Robert Yates, CEO of Pulse, said, “We have worked very hard to change the way that we do business so that we can accomplish more with fewer costs. We believe that with our new business processes, and the traction of the month over month 20% increases in shipments we are getting with our products, we should be able to become profitable, on an EBITDA basis, during 2017, and our goal is to earn a net income profit in 2018.”

Pulse is expecting to continue to reduce its debt exposure to TCA over the course of 2017 which may further positively impact its bottom line. (For more information about Pulse’s finances and prospects please see its recently filed Form 10-K for the year ended December 31, 2016).

About Pulse Beverage Corporation

Pulse Beverage Corporation ("Pulse") is an emerging beverage company that offers Natural Cabana® Lemonade/Limeade in 7 great tasting, low-calorie flavors, and Natural Cabana® Coconut Water in pineapple and natural flavors. With Pulse's revamped business model, utilizing warehouse-direct and key accounts, Pulse directly teams up with major retailers like Walmart, Albertsons/Safeway, Kroger, Stater Bros, Food Max, Houchens, Kmart, 7-Eleven, United C-stores, Weis Markets, King Kullen, Dierbergs Markets, Hy-Vee Supermarket, WinCo Foods, Price Less Markets, Gristede's Foods, Toot n Totem and Travel America. Consumers easily find Pulse's prominently displayed products thereby increasing revenue and earnings for shareholders of Pulse.

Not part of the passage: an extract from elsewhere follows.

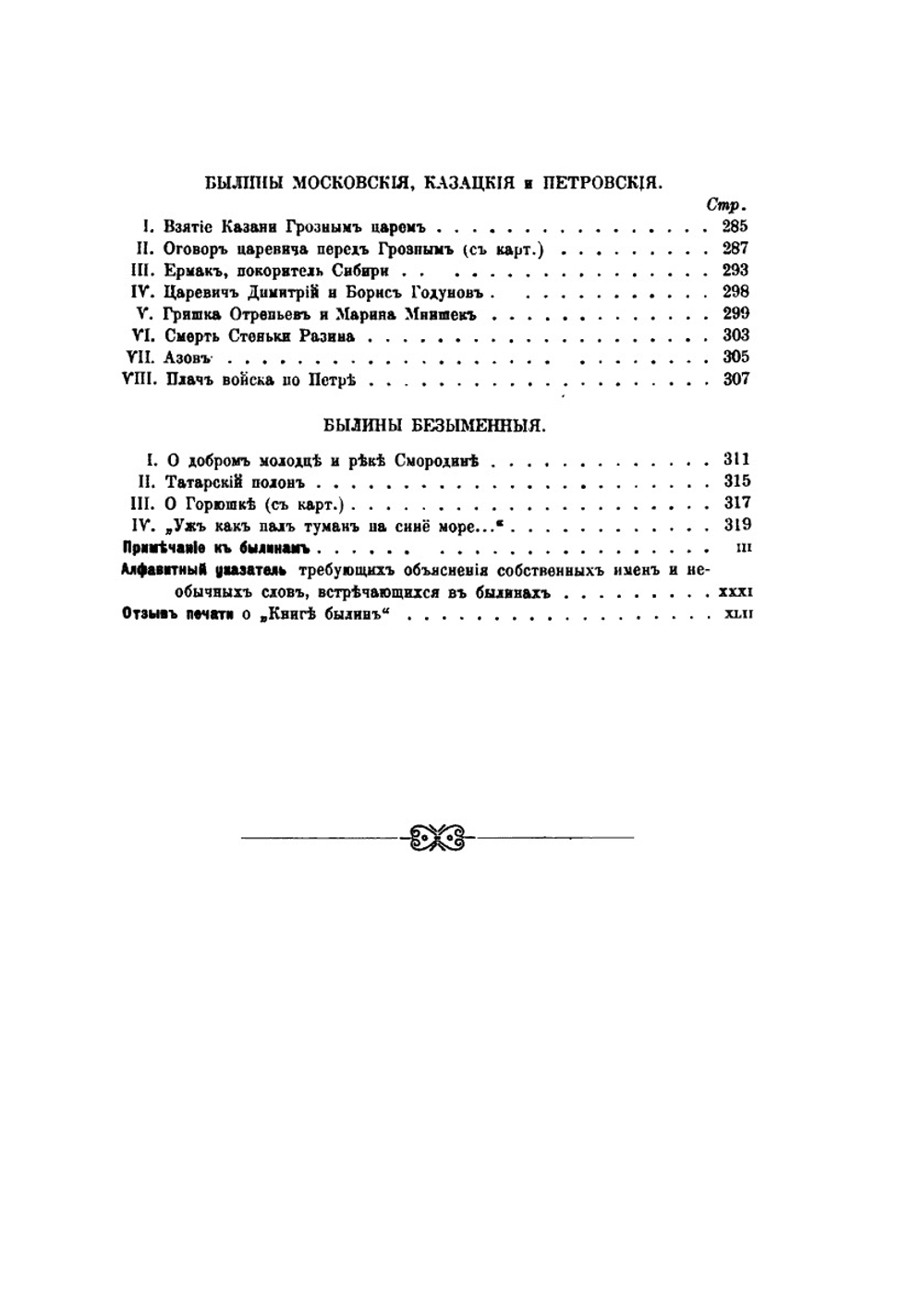 Книга былин | В. П. Авенариус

For more information, please visit: www.pulsebeverage.com or email info@pulsebeverage.com. Follow Pulse Beverage on Twitter at https://twitter.com/drinkpulsebev. Become a Pulse Beverage Facebook Fan at https://www.facebook.com/PulseBeverageCorporation.

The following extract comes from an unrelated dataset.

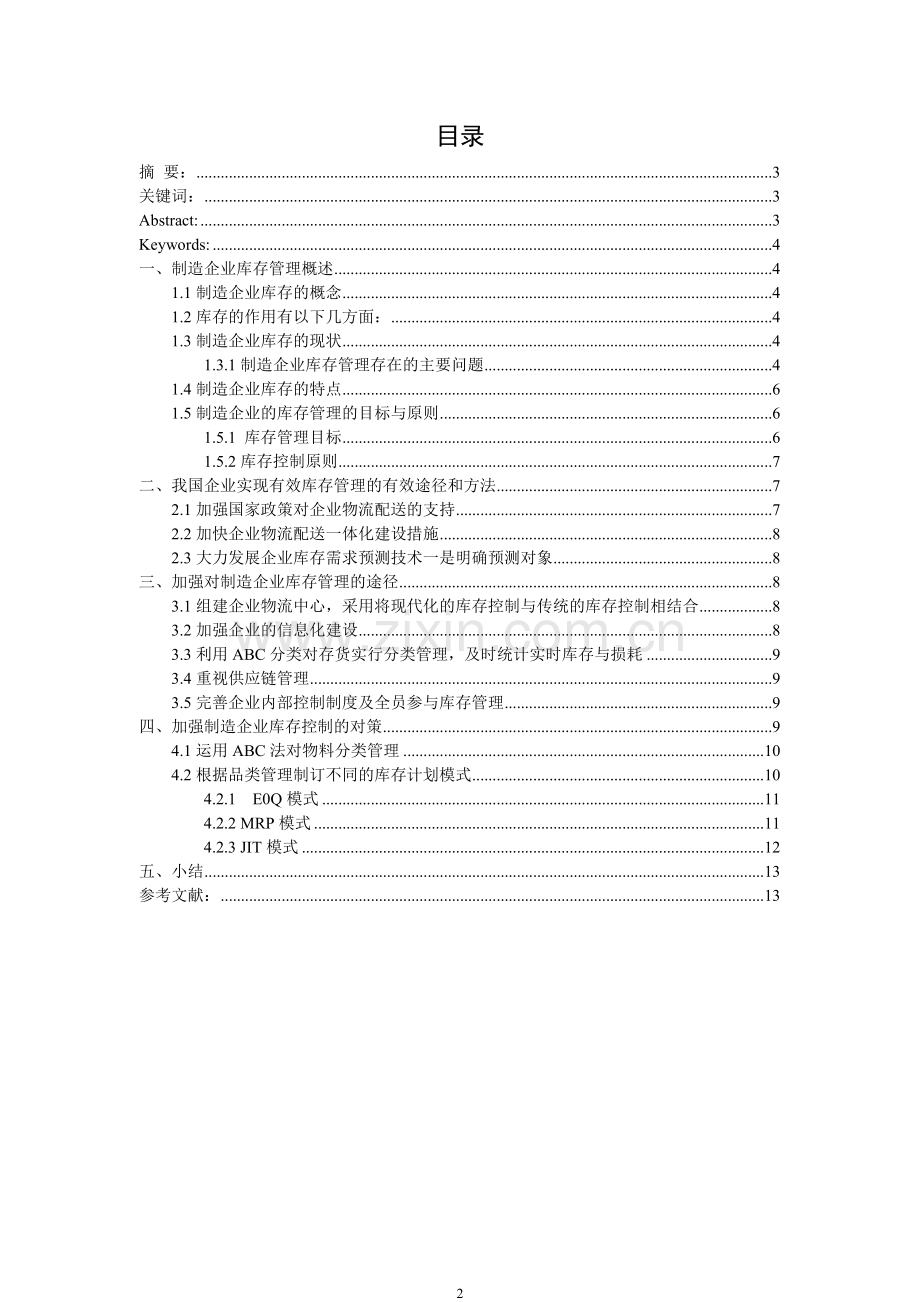 制造企业的库存管理问题及对策分析学年论文-毕业论文.doc_第2页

Forward-Looking Statements
This news release contains "forward-looking statements" as that term is defined in Section 27A of the United States Securities Act of 1933, as amended and Section 21E of the Securities Exchange Act of 1934, as amended. Statements in this press release which are not purely historical are forward-looking statements and include any statements regarding beliefs, plans, expectations or intentions regarding the future. Such forward-looking statements include, among other things, regulatory incentives, the development of new business opportunities, and projected costs, revenue, profits and results operations. Actual results could differ from those projected in any forward-looking statements due to numerous factors. Such factors include, among others, the inherent uncertainties associated with new projects and development stage companies. These forward-looking statements are made as of the date of this news release, and we assume no obligation to update the forward-looking statements, or to update the reasons why actual results could differ from those projected in the forward-looking statements. Although we believe that any beliefs, plans, expectations and intentions contained in this press release are reasonable, there can be no assurance that any such beliefs, plans, expectations or intentions will prove to be accurate. Investors should consult all of the information set forth herein and should also refer to the risk factors disclosure outlined in our annual report on Form 10-K for the most recent fiscal year, our quarterly reports on Form 10-Q and other periodic reports filed from time-to-time with the Securities and Exchange Commission.